Arguably this problem is approaching a peak as the number of public-book trading venues for most stocks still continues to increase, whereas expectations are that we will subsequently see some degree of consolidation among the MTFs (though experience in the US perhaps indicates otherwise). The need to sweep more dark pools will also keep the pressure on.
The issues of handling heterogeneous order types, tick sizes and so on already appear to be becoming less problematic as new venues are added, because the MTFs have adopted reasonably uniform approaches on these topics.
Is there an average lag time between the introduction of venues and order types before they’re incorporated into smart order routers? Is that time period shrinking?
There is by definition a time lag between the introduction of venues and their availability for trading via a smart router. Clearly, the specifics of the new venue – order types supported, etc. – have to be handled, and testing has to be carried out. Routing algorithms may need to be adapted, particularly If the venue offers new instrument coverage or onward routing, or there are peculiarities in the commercial offer.
As mentioned earlier, the fact that MTFs tend to follow fairly standardized approaches in many areas, meaning that new introductions are becoming progressively easier to handle, so time lags are shrinking. Lags can also be reduced where specifications are available well ahead of start dates, and also where introduction of instruments is phased, as is usually the case.
Current initiatives should contribute further to the trend of market simplification: for example, the common-symbology initiative being driven by several MTFs removes the need for smart routers to manage some “trans-coding” features.
How can smart order routing co-exist with low-latency execution? How much latency are smart order routers adding a trade execution?

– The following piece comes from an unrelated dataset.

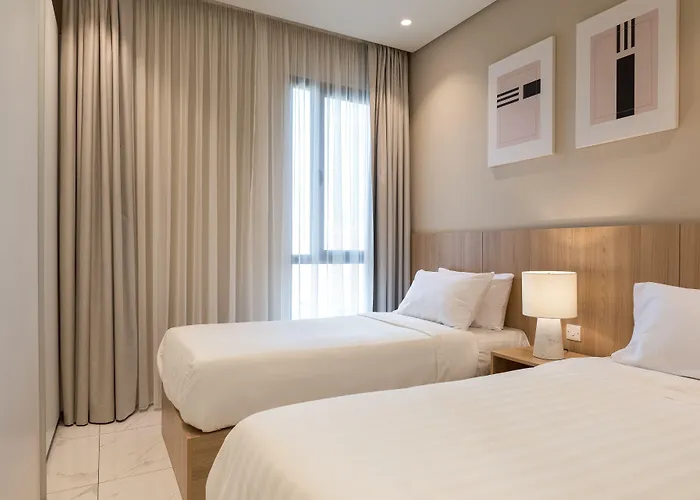 The Code Residence - ذا كود ريزيدنس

The low-latency objective is of course the reason why the scaling and performance issues discussed above are so important: Smart routers have to be as fast as they are smart: otherwise their decisions, based on real-time prices, will be useless. Most routers therefore aim at sub-millisecond latency, and this can be achieved where algorithms are not too real-time intensive. Clearly there is a trade-off between speed and complexity, with tuned algorithms and faster hardware deployed to maximize latency as far as possible.